I decide to change seats for the second half and go to the other side of the goal and nearer the pitch to join super-fan Phil who never misses a game. I speak with Pat, the secretary of the Clacton-On-Sea branch of the supporters club who sits a couple of rows behind Phil; apparently only sixteen people have travelled on the supporters’ bus from Clacton today. She tells me how a fastidious female steward always carefully searches her bag each week as she enters the stadium, whilst people in big coats are not even patted down. There are no security searches entering the ground from Portman Road, just signs saying there will be. Pat asked the steward what she was looking for; the answer was “wires”. Marcus Evans is probably fearful of being tapped but Pat now carries her grenades on a belt under her coat; she’s been coming to Portman Road since the 1960’s.

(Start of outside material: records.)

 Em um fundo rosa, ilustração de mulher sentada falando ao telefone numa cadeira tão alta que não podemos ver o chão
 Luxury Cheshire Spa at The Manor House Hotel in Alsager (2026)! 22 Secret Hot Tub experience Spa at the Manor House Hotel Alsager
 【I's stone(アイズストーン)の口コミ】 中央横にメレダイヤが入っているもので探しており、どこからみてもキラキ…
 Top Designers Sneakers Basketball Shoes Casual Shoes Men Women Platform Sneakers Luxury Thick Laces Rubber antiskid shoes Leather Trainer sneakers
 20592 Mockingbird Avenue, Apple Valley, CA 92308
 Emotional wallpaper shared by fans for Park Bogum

It’s dark now and the floodlights shine through the translucent roof of the stand above

 

me. Being closer to the pitch lends this position an atmosphere not present at the back of the stand. In front of us is the disabled supporters enclosure and a boy with Downs Syndrome puts everyone to shame with his enthusiastic shouts and clapping; he gets what this being a football fan is about.
The second half is oddly compelling given that Reading continue to pass the ball ceaselessly but pointlessly and Ipswich just give the ball back to them whenever they win it. On 52 minutes Reading’s Paul McShane is booked and  I recall one of several reasons why I never liked Hi-de-hi. Reading are hopelessly ineffective; Bart Bialkowski in the Ipswich goal catches or punches away several crosses, but doesn’t have a shot to save. The highlight of the half is the 67th minute applause for Dick Murphy, the kitman and caretaker at the club academy who died during the week. A piece in the programme pays tribute to Dick who is described as a “loyal servant of the Blues”. I had never heard of Dick Murphy before today and think it’s an awful shame I have now only heard of him because he is dead.

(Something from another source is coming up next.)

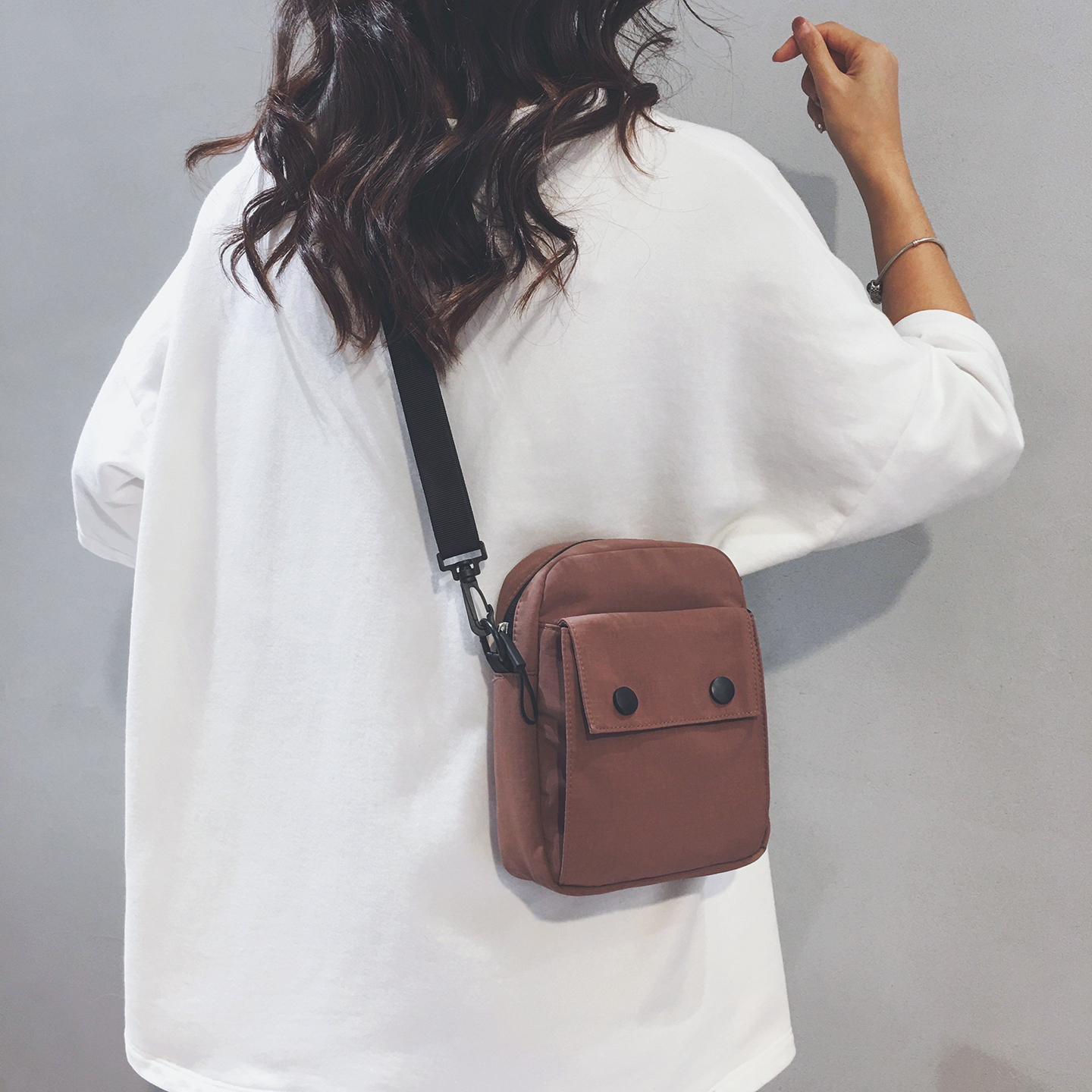 玲澜四色时尚简约帆布手机斜挎包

There is a kind of tension about the second half as the home fans wonder if Town will hold on without actually touching the ball which gives the game its name. Occasionally this tension translates into some crowd noise; based on the experience of the first half if Town do manage to keep the ball long enough to make four or five passes they could score again. It fools us all into thinking we’re being entertained.
Despite five minutes of added on time for a number of real and imagined injuries the match doesn’t seem to drag on and at about five minutes to five referee Mr Bankes closes proceedings in the customary shrill manner.  As the stands empty a serious looking steward wearing a large head set watches on; I like to think he’s listening to the classified results.   It’s been a strangely enjoyable afternoon, possibly only because Town have won; the football was largely forgettable.